EXERCISE DESCRIPTION: The full listing, minus its pictures, should be printed again exactly as it stands.
DATASET CONTENT: Begin
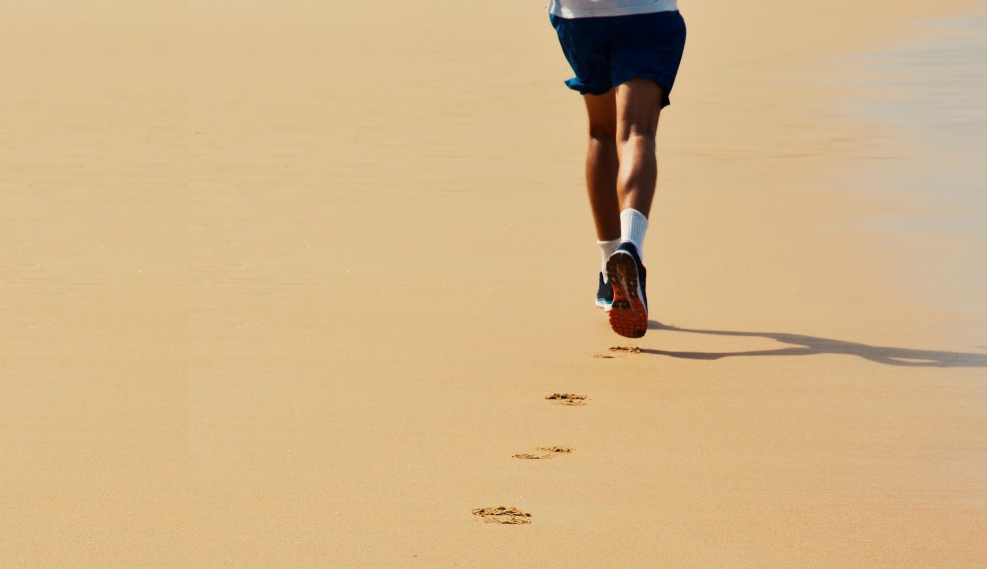 a runner running on the beach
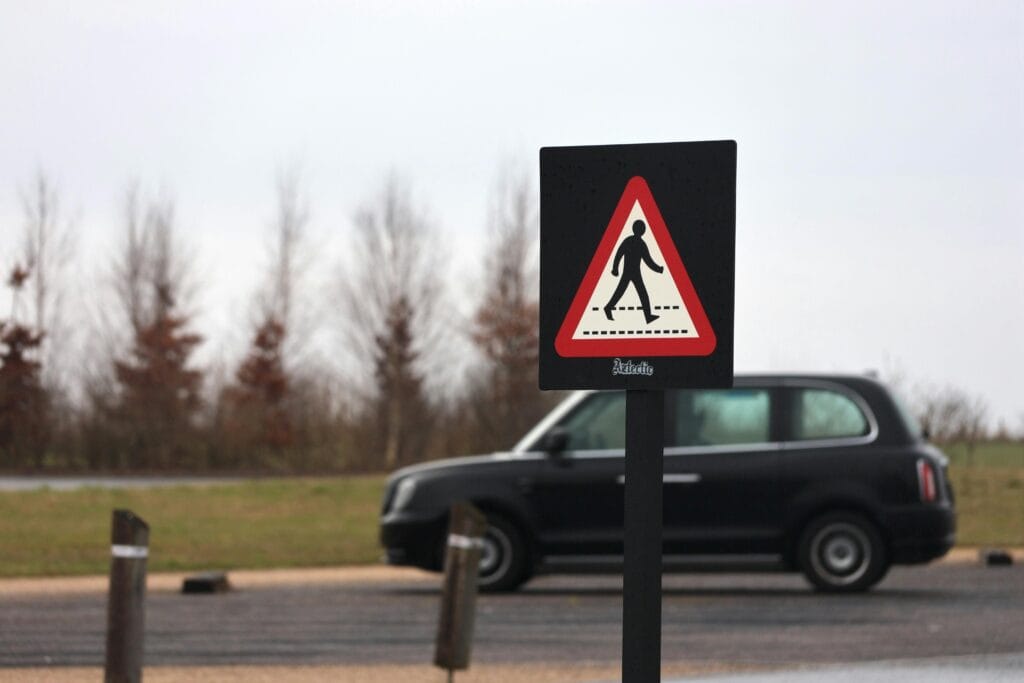 pexels-photo-30834703-30834703-1 A pedestrian crossing sign with a black taxi in the background on a quiet road.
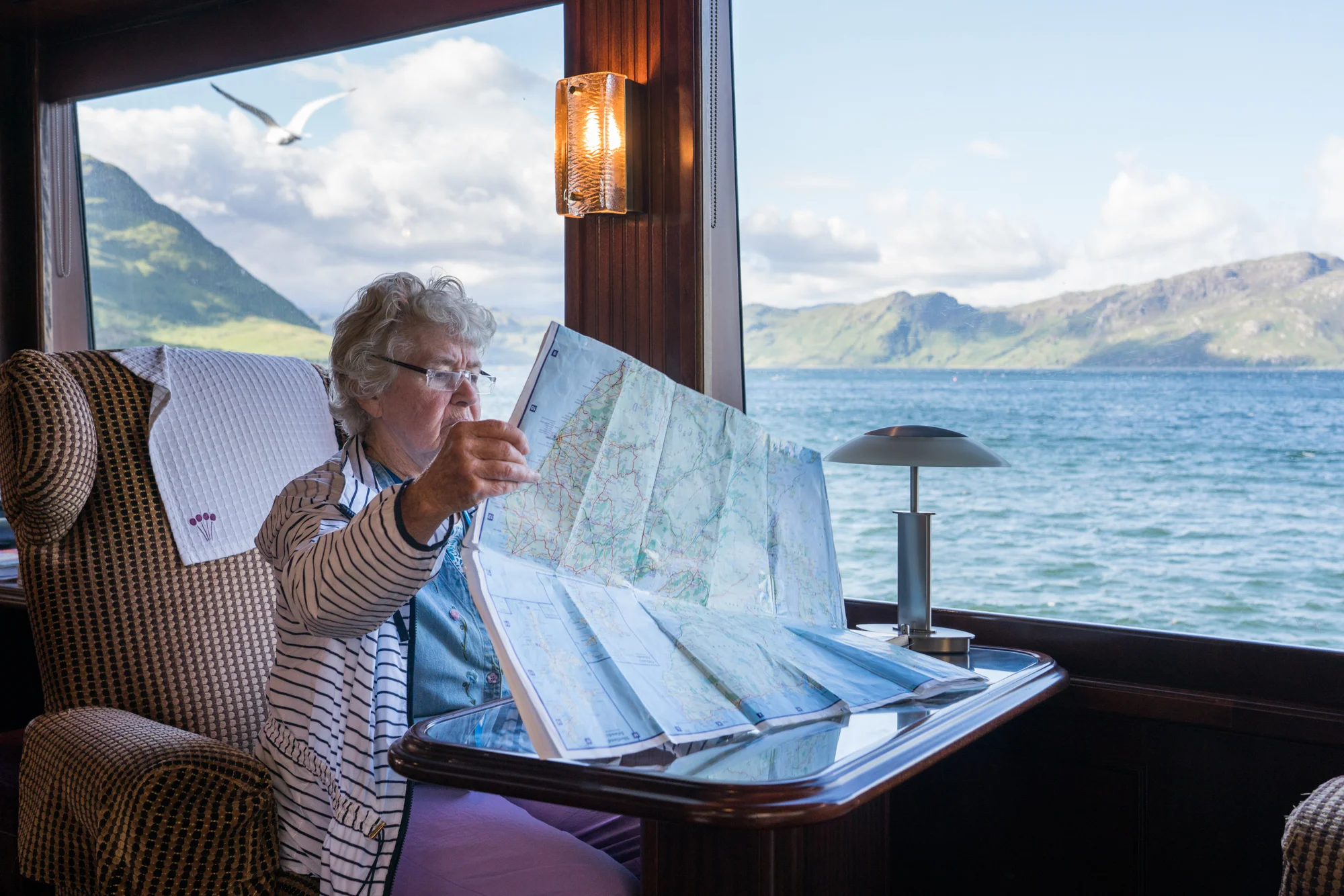 Outside Armadale, Scotland, a guest studies a map aboard Lord of the Glens.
DATASET CONTENT: End
EXERCISE RESULT:
 a runner running on the beach
 pexels-photo-30834703-30834703-1 A pedestrian crossing sign with a black taxi in the background on a quiet road.
 Outside Armadale, Scotland, a guest studies a map aboard Lord of the Glens.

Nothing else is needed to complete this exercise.